The opinions set forth above are subject to the following qualifications and limitations:
In issuing this opinion letter, we have acted only as members of the bar of the State of Ohio. We express no opinion as to matters under or involving any laws other than the laws of the State of Ohio. We have made no investigation or review of any laws, rules, regulations, judgments, degrees, franchises, certificates, or the like, other than the laws, rules and regulations of the State of Ohio relating to the Company. This opinion speaks as of its date and is strictly limited to the matters stated herein. This opinion is given to you solely for use in connection with the filing of the Registration Statement and may not be relied upon for any other purpose.

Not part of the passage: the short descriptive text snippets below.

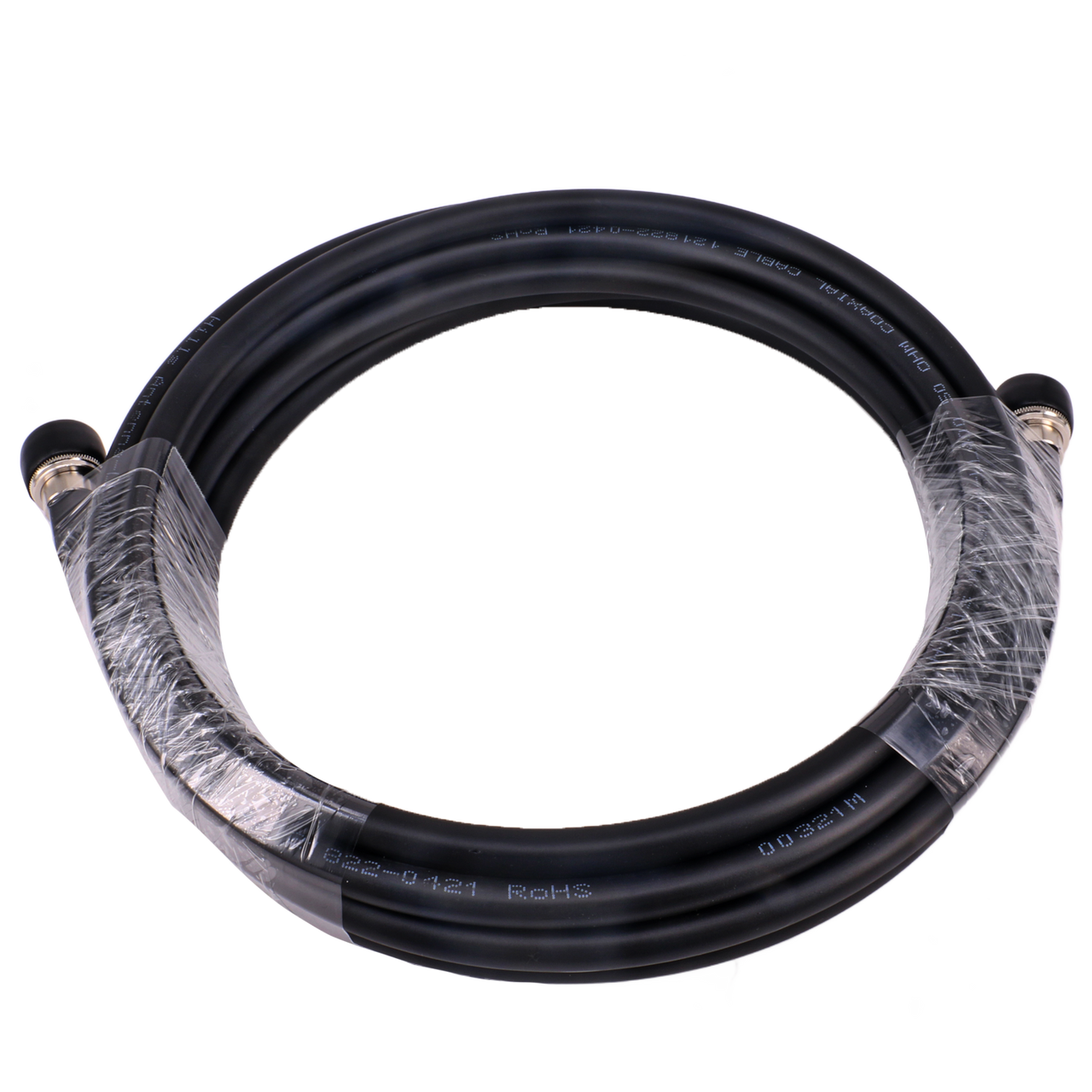 Full view of black UV-stabilised 5-metre LL400 coax cable with N-type male connectors, accentuating robust 10.29mm jacket for dependable antenna bridging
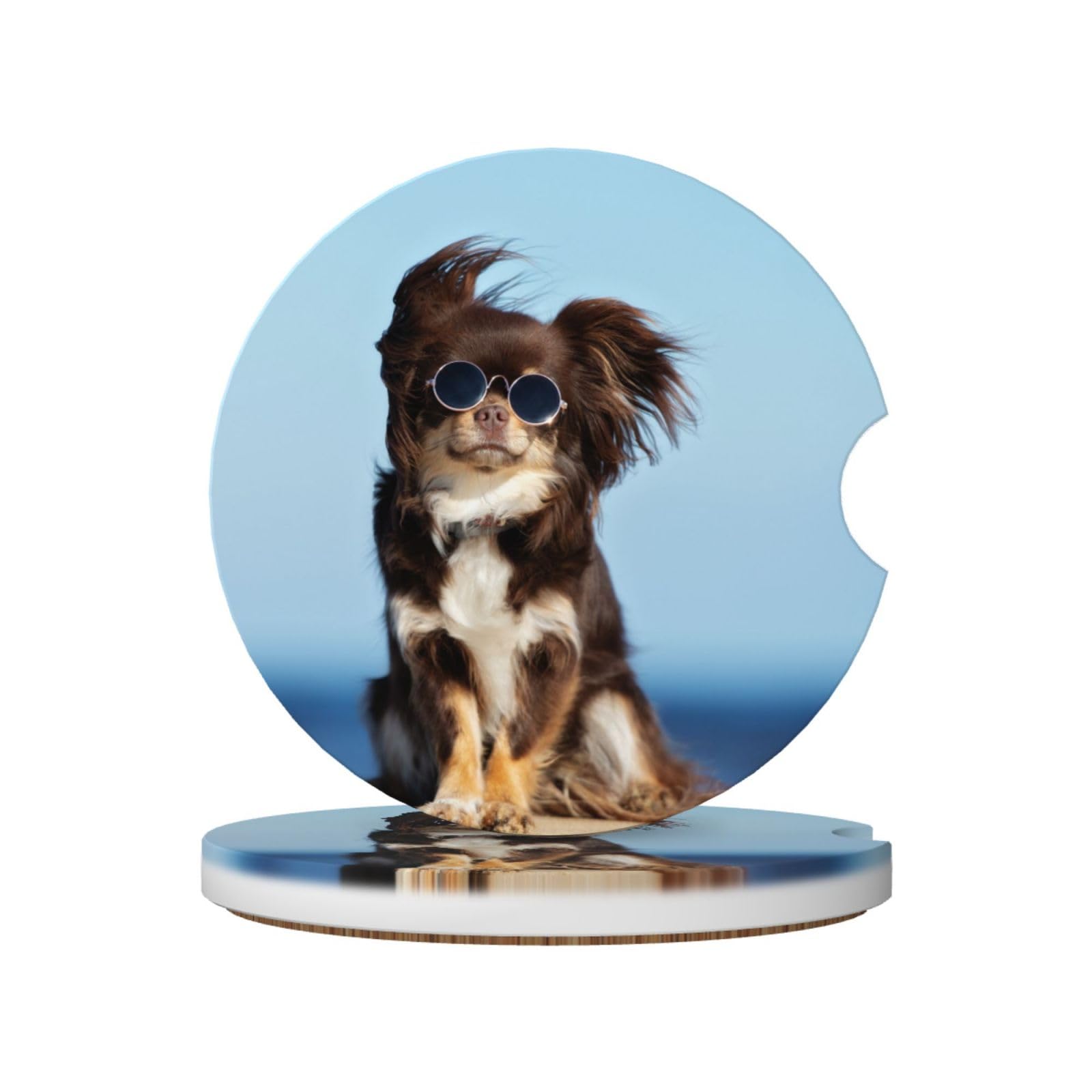 Funny Chihuahua Dog, Car Cup Holder Coasters 2 Pack, Absorbent Ceramic Car Coasters with Non Slip Cork Base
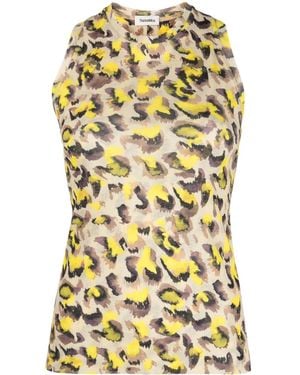 Nanushka Safea Leopard-Print Tank Top - Yellow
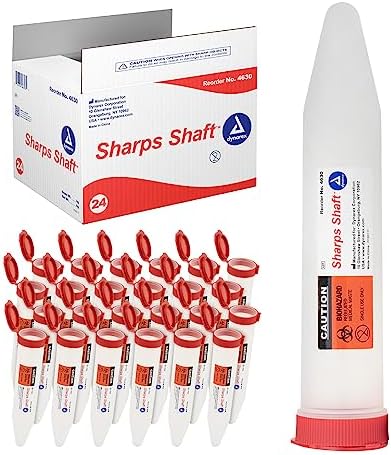 Dynarex Transportable Sharps Container - Small Sharps Shafts - Secure Snap-On Leakproof Caps - 6.37x1.47x3.46” Needle Disposal Containers - Case of 24 Dynarex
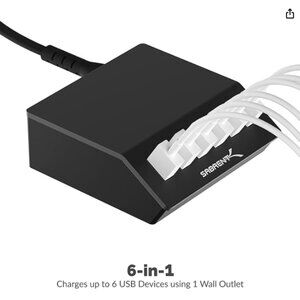 SABRENT Premium 60 Watt (12 Amp) 6 Port Aluminum Smart USB Charger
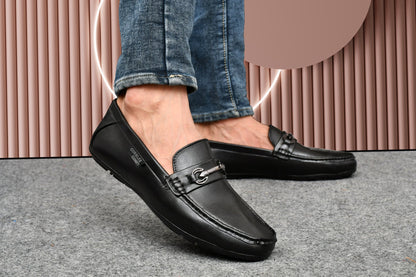 Classic Moccasins for Men with Metallic Loop Buckle  Black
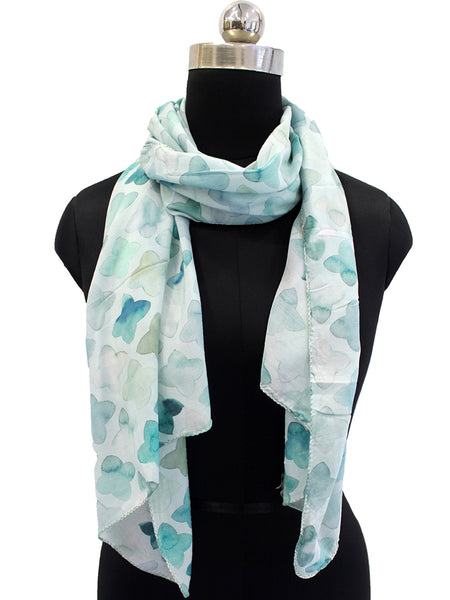 Pretty Green Printed Muslin Everyday Scarves/Stoles for Women SC7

We hereby consent to the filing of this opinion as an exhibit to the Registration Statement and to the use of our name in the prospectus contained therein under the caption “Legal Matters.” In giving such consent, we do not thereby admit that we are included in the category of persons whose consent is required under Section 7 of the Securities Act or the rules and regulations promulgated thereunder.

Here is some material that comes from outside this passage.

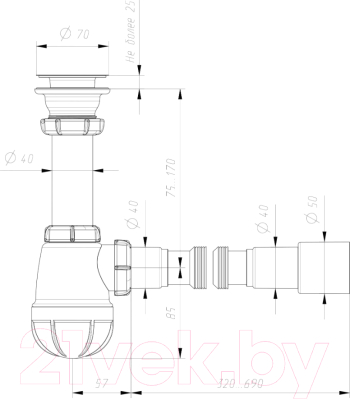 Сифон Aquant 1 1/2" х 40 с гибкой трубой 40х40/50 B0115-30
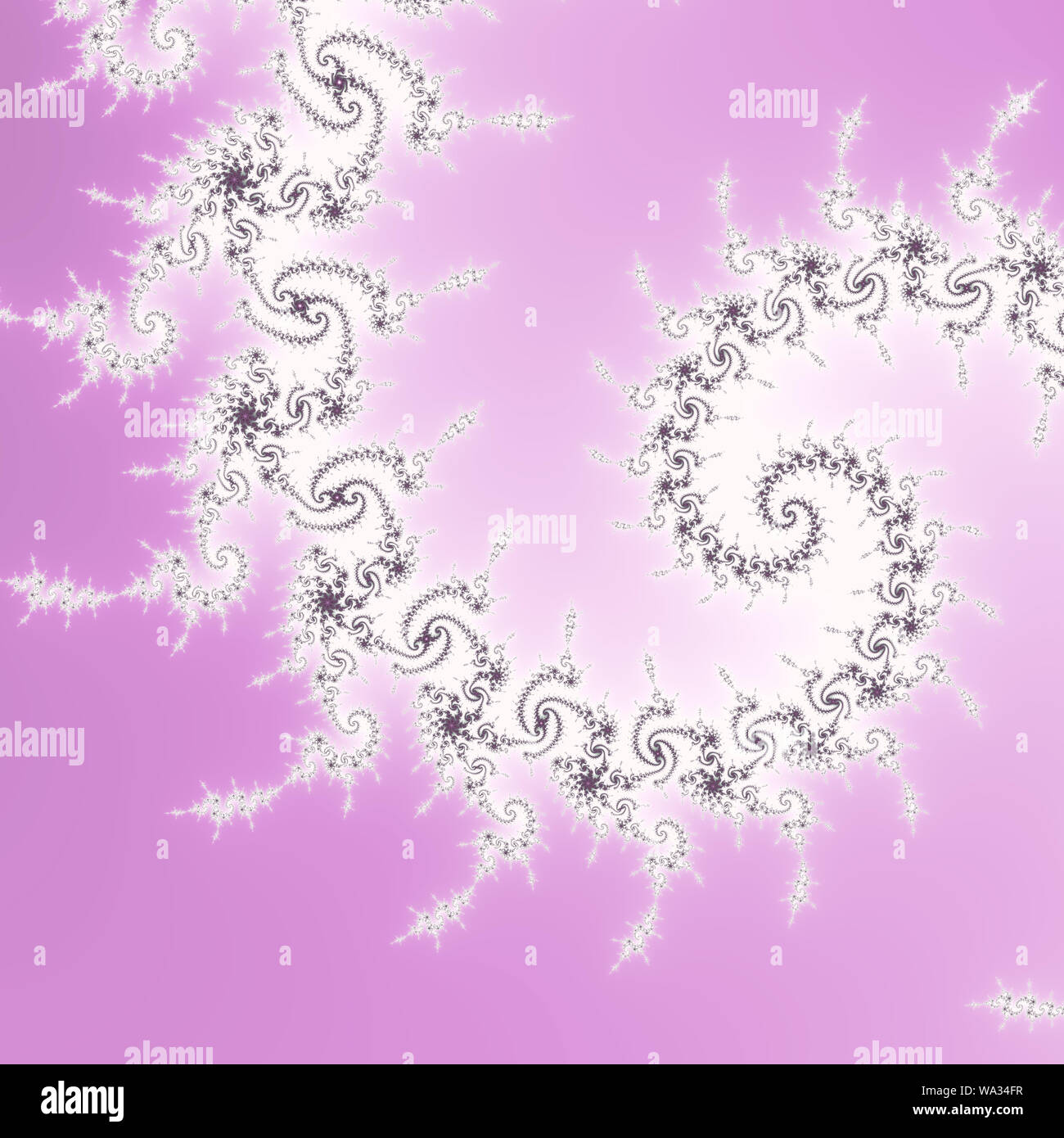 White, grey and pink mandelbrot fractal. Stock Photo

We assume no obligation to update or supplement this opinion in response to subsequent changes in the law or future events affecting the transactions contemplated by the Documents. Except in connection with the Registration Statement as aforesaid, no portion of this opinion may be quoted or incorporated by any person or, except as expressly stated above with respect to the prospectus contained in the Registration Statement, in any offering statement or memorandum or prospectus, without our prior written consent.